Der EKD-Ratsvorsitzende: „Ein Christ kann sagen, dass Jesus Christus für ihn der Messias ist, dass er Jesus in dessen jüdischer Tradition sieht und dass Jesus auch der Messias für Israel ist. Paulus schreibt im Römerbrief, dass am Ende der Zeiten, wenn die übrigen Völker die christliche Botschaft erkannt haben, auch der Rest Israels hinzukommt.“ Dies könne ein Christ auch so deuten, „dass das jüdische Volk am Ende der Zeiten nicht an Jesus vorbeikommen wird“. Eine Missionierung setze freilich eine absichtsvolle Strategie voraus, die den Glauben der Juden ändern wolle. Dies halte er nicht für angebracht, so Schneider, denn Juden wie Christen glaubten an den Gott Israels. Das sei beim Islam anders. Dieser sei nicht „die Wurzel“ der Christen. Schneider: „Aber wir haben natürlich allen Grund, den Dialog mit den Muslimen zu pflegen, damit wir zu einem freundlichen Miteinander gegenseitiger Wertschätzung kommen.“

Schneider erhält Buber-Rosenzweig-Medaille

Schneider wird am 11. März in Leipzig zu Beginn der „Woche der Brüderlichkeit“ mit der Buber-Rosenzweig-Medaille ausgezeichnet. Damit würdigt der Deutsche Koordinierungsrat – ein Dachverband von mehr als 80 Gesellschaften für Christlich-Jüdische Zusammenarbeit – Schneiders Wirken für die Beziehungen zwischen Juden und Christen. Die Auszeichnung ist nach den jüdischen Philosophen Martin Buber (1878-1965) und Franz Rosenzweig (1886-1929) benannt.

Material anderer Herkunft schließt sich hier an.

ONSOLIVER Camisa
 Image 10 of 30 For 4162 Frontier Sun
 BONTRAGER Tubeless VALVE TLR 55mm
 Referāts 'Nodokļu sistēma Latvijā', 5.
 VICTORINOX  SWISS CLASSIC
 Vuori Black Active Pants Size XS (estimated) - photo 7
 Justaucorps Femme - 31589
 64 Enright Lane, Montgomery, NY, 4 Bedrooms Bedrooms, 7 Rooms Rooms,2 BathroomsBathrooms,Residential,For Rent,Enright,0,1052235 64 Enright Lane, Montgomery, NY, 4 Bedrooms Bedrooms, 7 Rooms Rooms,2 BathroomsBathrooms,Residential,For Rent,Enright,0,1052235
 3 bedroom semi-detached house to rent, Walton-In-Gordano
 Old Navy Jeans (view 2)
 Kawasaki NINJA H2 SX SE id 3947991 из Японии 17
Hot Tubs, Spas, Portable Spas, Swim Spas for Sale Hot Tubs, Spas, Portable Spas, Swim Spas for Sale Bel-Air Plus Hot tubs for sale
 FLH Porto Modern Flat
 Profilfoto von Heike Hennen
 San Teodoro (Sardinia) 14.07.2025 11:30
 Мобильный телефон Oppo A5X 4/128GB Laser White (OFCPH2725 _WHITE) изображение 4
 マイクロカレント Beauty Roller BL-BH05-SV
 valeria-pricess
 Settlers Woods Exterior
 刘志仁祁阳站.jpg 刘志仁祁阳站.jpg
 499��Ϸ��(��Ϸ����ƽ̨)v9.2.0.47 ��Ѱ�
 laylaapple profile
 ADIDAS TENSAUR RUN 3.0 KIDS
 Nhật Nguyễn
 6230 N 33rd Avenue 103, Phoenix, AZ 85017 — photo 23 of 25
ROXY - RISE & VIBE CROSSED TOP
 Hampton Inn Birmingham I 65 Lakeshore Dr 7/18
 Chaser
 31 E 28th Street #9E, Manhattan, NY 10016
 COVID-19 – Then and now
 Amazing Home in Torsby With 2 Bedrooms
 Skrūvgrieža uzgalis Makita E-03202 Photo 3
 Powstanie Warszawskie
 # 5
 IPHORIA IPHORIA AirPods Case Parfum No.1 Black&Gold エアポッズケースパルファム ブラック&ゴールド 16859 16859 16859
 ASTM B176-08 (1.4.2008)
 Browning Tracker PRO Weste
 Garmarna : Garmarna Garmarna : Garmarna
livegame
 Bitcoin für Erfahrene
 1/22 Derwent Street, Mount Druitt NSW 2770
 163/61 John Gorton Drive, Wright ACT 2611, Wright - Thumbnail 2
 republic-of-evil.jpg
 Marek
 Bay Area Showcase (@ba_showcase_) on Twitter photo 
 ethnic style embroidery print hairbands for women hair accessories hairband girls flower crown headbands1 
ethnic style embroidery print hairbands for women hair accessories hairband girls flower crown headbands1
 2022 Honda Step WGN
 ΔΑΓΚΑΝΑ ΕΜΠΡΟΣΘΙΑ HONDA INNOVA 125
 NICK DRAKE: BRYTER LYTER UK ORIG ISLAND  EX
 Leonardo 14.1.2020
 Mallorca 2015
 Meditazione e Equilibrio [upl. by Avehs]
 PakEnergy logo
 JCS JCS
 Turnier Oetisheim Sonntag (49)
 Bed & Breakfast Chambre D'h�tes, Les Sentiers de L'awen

Wenn Israel zum Militärschlag greift

Im „Welt“-Interview äußert sich Schneider auch zur Einstellung der evangelischen Kirche zum Staat Israel. Wenn sich dieser wegen der iranischen Atomdrohung zu einem Militärschlag entschlösse, würde es laut Schneider „keine einheitliche Sprachregelung“ für evangelische Geistliche geben. Die meisten dürften aber beklagen, dass diplomatische Mittel nicht stärker genutzt worden wären. Andere würden Verständnis für die Sicherheit Israels zum Ausdruck bringen. Schneider: „Die meisten werden den Krieg ablehnen, denn Krieg soll nach Gottes Willen nicht sein.“

Kritik an Israel im Protestantismus

Schneider nimmt auch zu israel-kritischen Äußerungen im Protestantismus Stellung, etwa zum „Kairos-Papier“, in dem Palästinenser zum Boykott Israels aufrufen. Daran habe er „kritische Fragen“, sagte Schneider. „Erschrocken“ sei er über einen Artikel im Deutschen Pfarrerblatt, in dem „Landnahme“ als Hauptziel bei der Gründung des Staates Israel 1948 genannt wurde. Wie der EKD-Ratsvorsitzende hinzufügte, verschließe er sich bei seiner grundsätzlichen Solidarität mit Israel aber auch nicht den Klagen der Palästinenser.